There are people panic-buying as if the shops are closing for a month. Some will be open on Boxing Day. All will be open the day after. Shopping will be fully available long before most people run out of turkey. I’m avoiding shops – except I plan to try for a haircut tomorrow if the barber is open. She tends to take the traditional ‘sod this, I’m off’ approach to the High Street frenzy. I hear there are male barbers but why would I go there?

There is much wailing and gnashing of teeth because Amazon will be available on Christmas Day. Why Amazon? All the online retailers will be available on the day. None can post anything on that day. I don’t intend to go online shopping on Christmas Day and it has nothing to do with any kind of moral judgement. It has more to do with a certain bottle-shaped present which feels like the distinctive open-sided box of the Penderyn.

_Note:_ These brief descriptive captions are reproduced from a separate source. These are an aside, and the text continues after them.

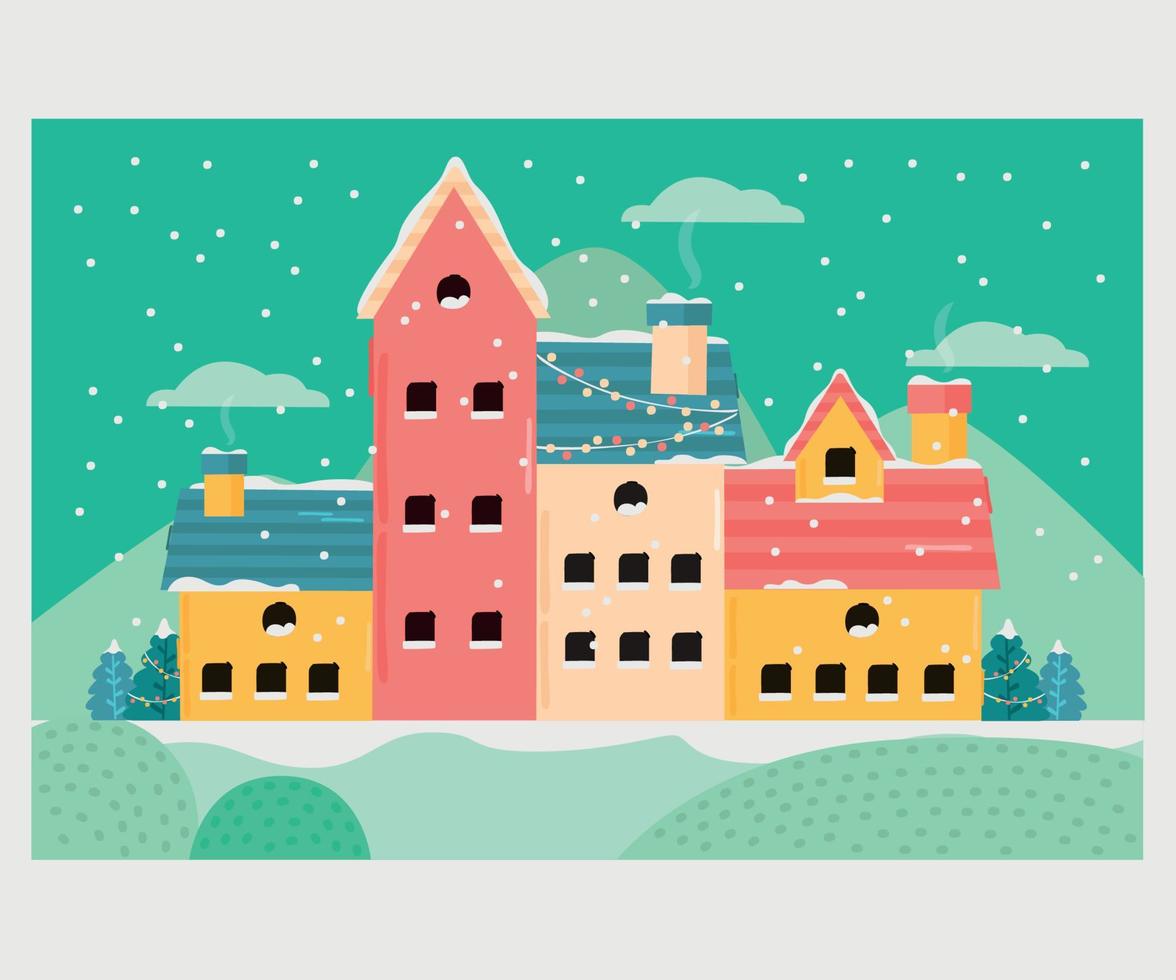 ilustración de fondo de pueblo de navidad vector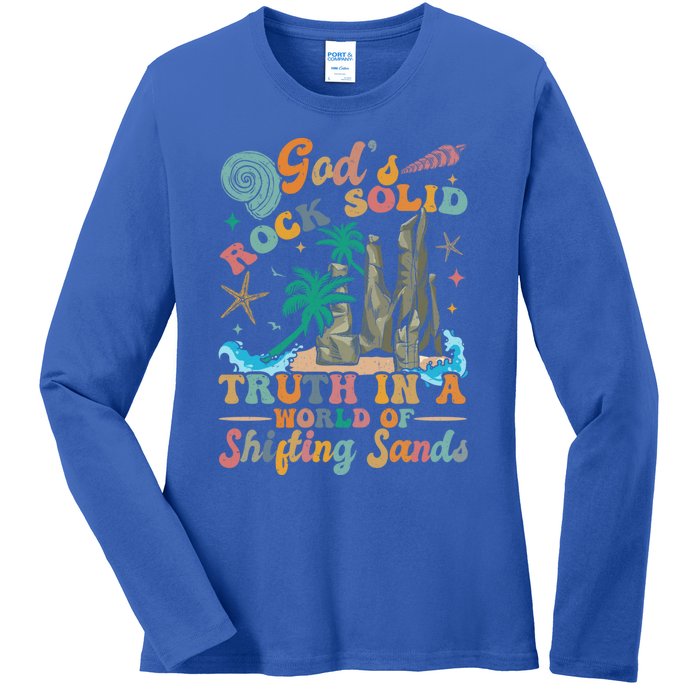 GodS Rocks Solid Breaker Rock Beach Vbs 2025 Christian Gift Ladies Long Sleeve Shirt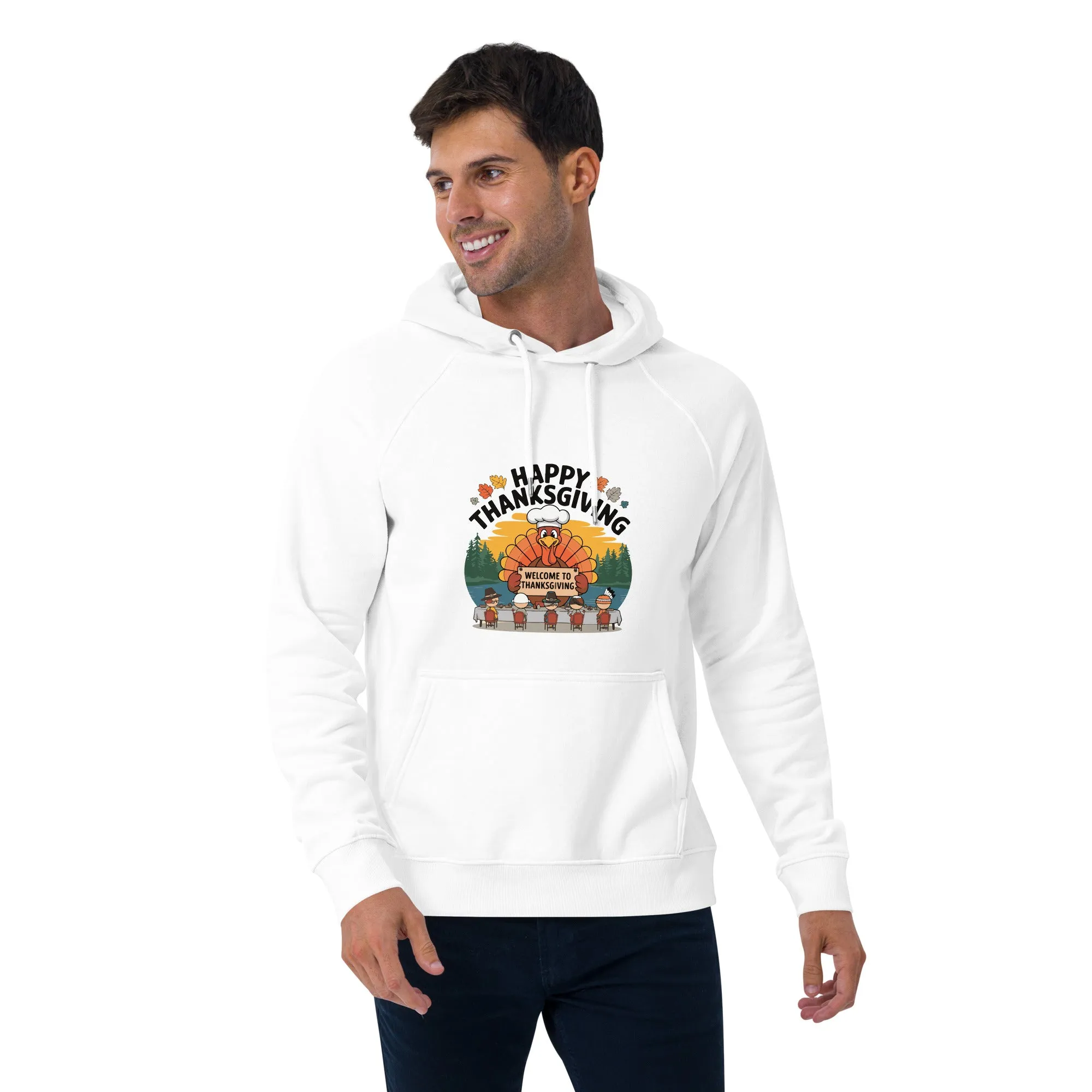 Welcome To Thanksgiving Graphic Men Eco Raglan Hoodie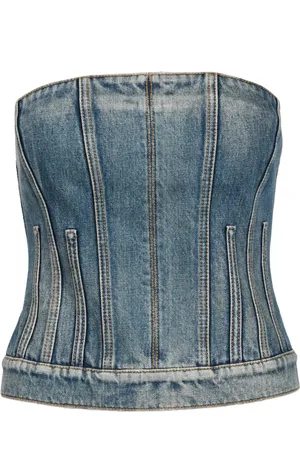 Alexander McQueen Top, Dame, Blå, XS, Bomuld, Top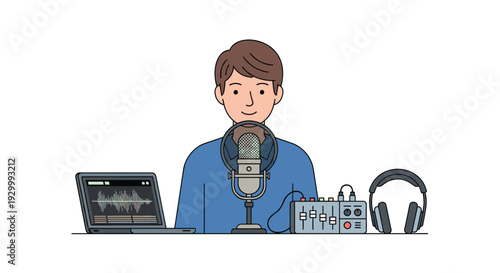 A male podcast host sits at a desk equipped with a professional microphone, audio mixer, headphones, and a laptop showing sound waves for recording.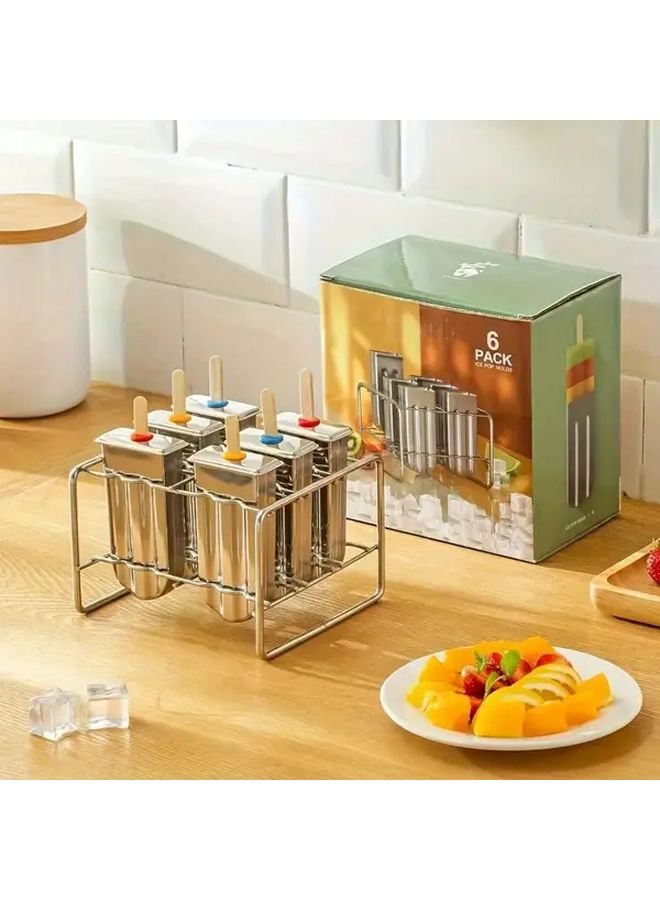 6 Piece Square Stainless Steel Ice Cream Mold Set With Stand For Homemade Ice Cream - Image 4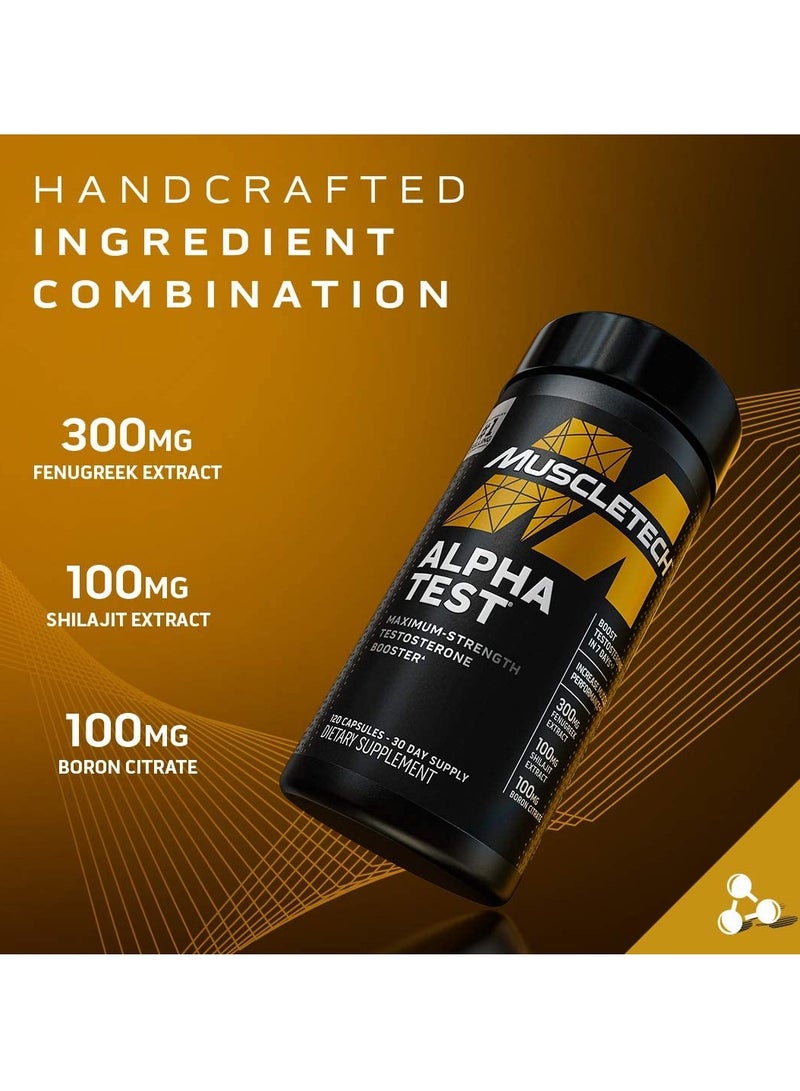 MuscleTech - Alpha Test Maximum-Strength Testosterone Booster 120 Capsules - Image 1
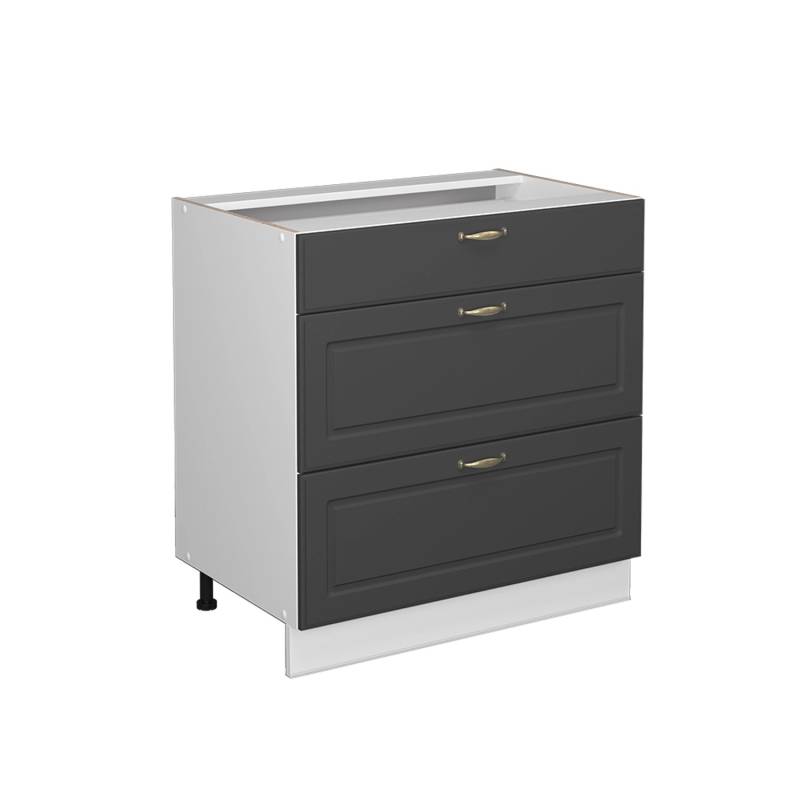 Vicco Badschrank Fame-Line Anthrazit-Gold/Weiß 80 x 82 cm mit 3 Schubladen ohne Arbeitsplatte von Vicco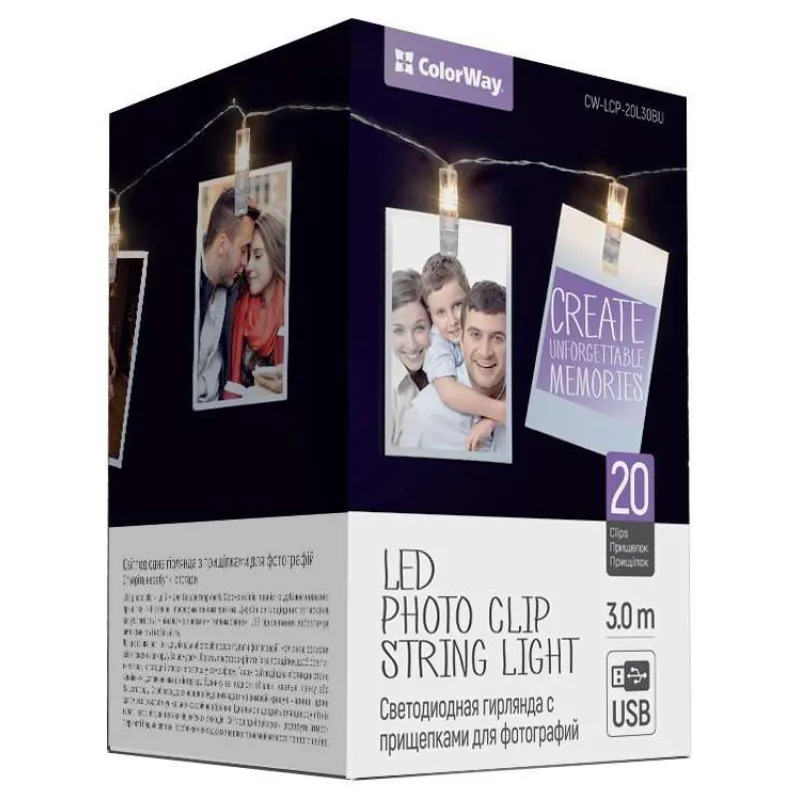 COLORWAY LED fotokolíčky / 20 LED / délka 3 m / teplá bílá/ napájení USB (CW-LCP-20L30BU)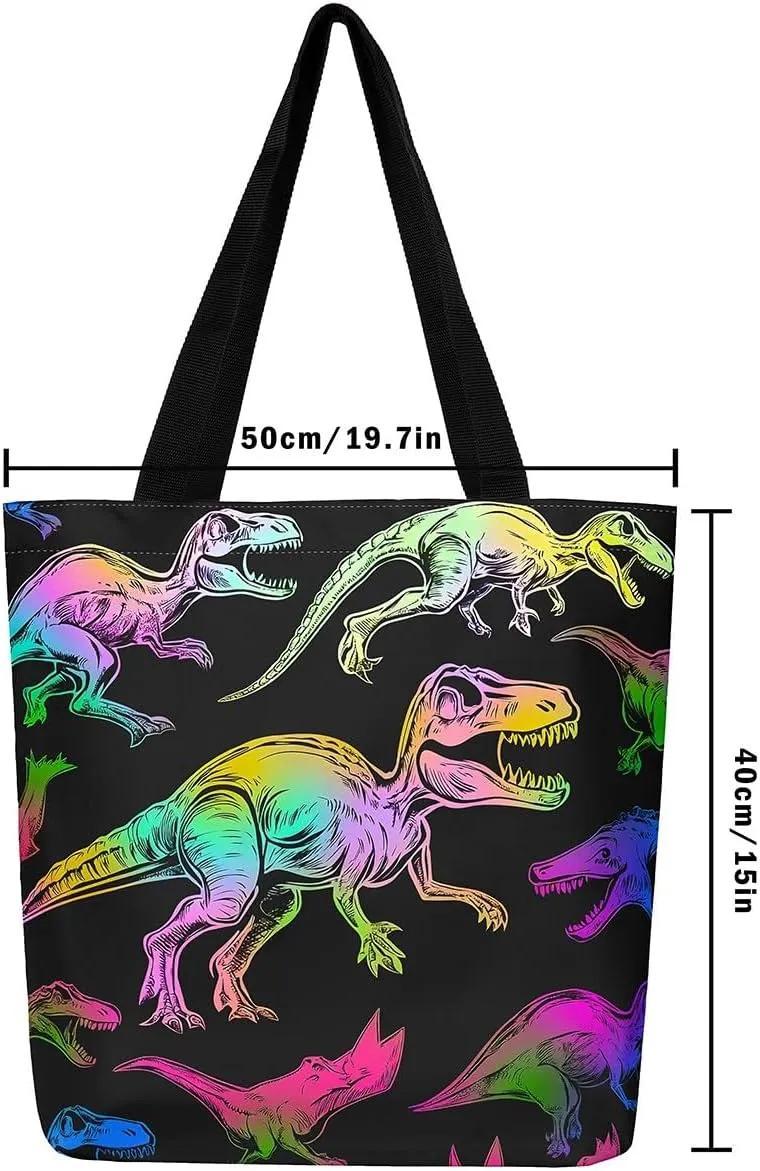 Flamingo Canvas Tote Bag,Woodland Animals Duffle Bag,Botanical Flowers Jungle Leaves Casual Reusable Handbag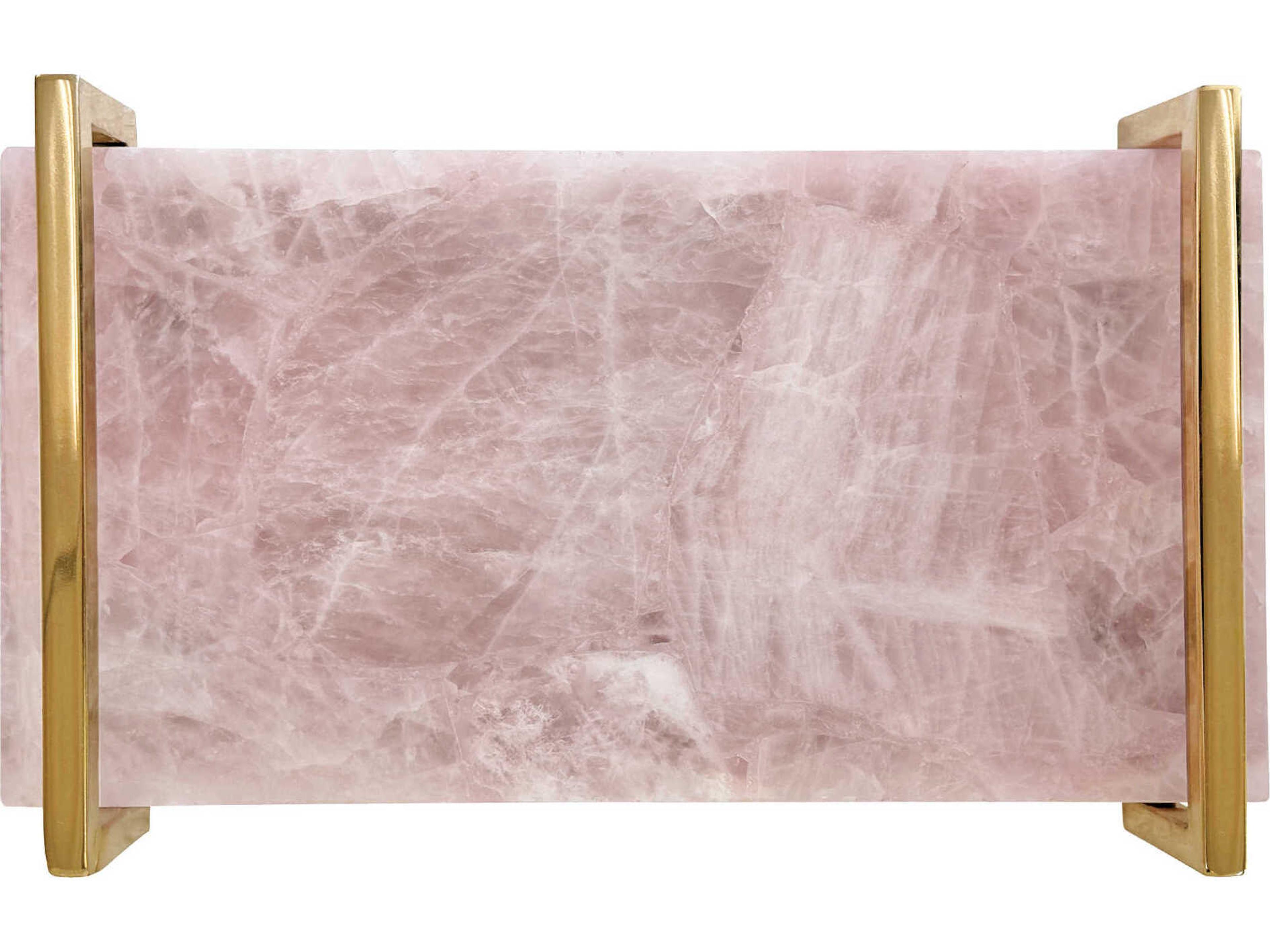 Worlds Away Pink Quartz / Brass Serving Tray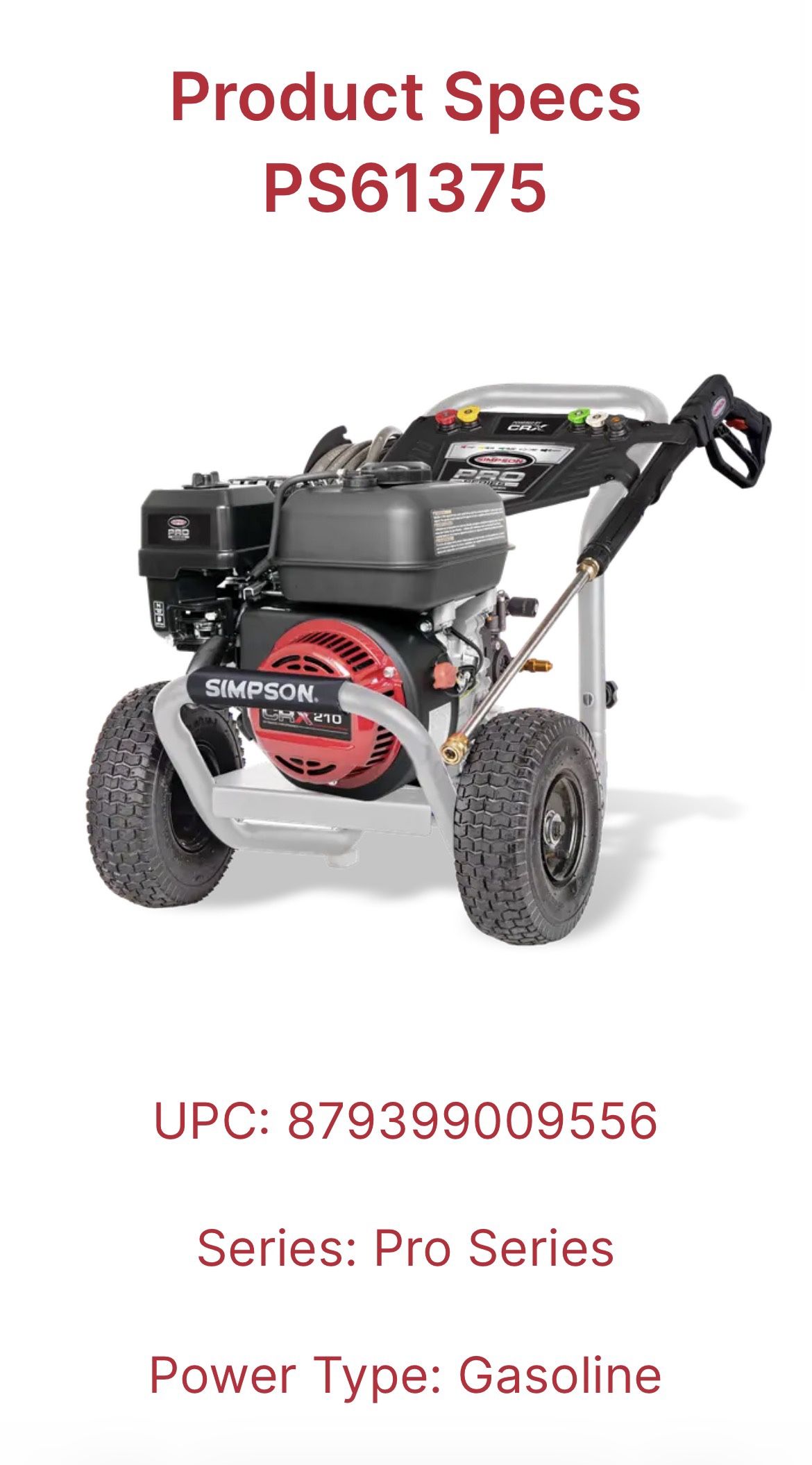 Simpson Pressure Washer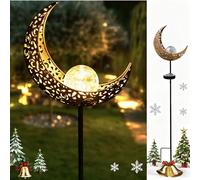 HDNICE - Lámpara Solar de jardín para decoración al Aire Libre, diseño de Globo de Cristal Agrietado con Luna, Luces de Metal, luz Blanca cálida Resistente al Agua para Camino, césped, Patio, Patio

Former Archbishop of Canterbury Lord Carey said: ‘Christmas Day is a time to be together with the family, to focus on the children and to have a great time together.

Does he believe that families spend the rest of the year in sullen silence? Some probably do.

‘This day is precious. We are now in danger of the gadgets taking over our lives and we are not in control of them.’

It’s not precious to me. I’ve worked on Christmas day in the past. Not being Christian or Pagan, the festival part of it is irrelevant. The Christmas decorations aren’t Christian either, nor are the presents, the mass genocide of turkeys, mince pies, Christmas pud, brandy butter… none of it is Christian. Even the day is a Pagan sun-worship festival that the early Christians tried to overwrite. I seem to recall that someone worked out when Christ would have been born, based on historical events around that time. I think it came out as around July.

Some people get really upset when you point that out. I’ve had another one-star review on ‘A Christmas Contract‘ that had me rolling with laughter.

This is a terrible book. Does not promote the Christmas spirit.

None of my Christmas stories promote any kind of Christmas spirit. They are labelled ‘horror’ so expecting a jolly happy ending is a bit on the silly side. They are all pure fiction and labelled as such. I think this one might have touched a couple of raw nerves though. I wonder if the Daily Mail will write a shock-horror-terrible-man story about it? Maybe there aren’t enough offended readers yet. I’ll leave it free until after Christmas because the members of Offended Anonymous only complain about the free ones. They’re too cheap to buy any.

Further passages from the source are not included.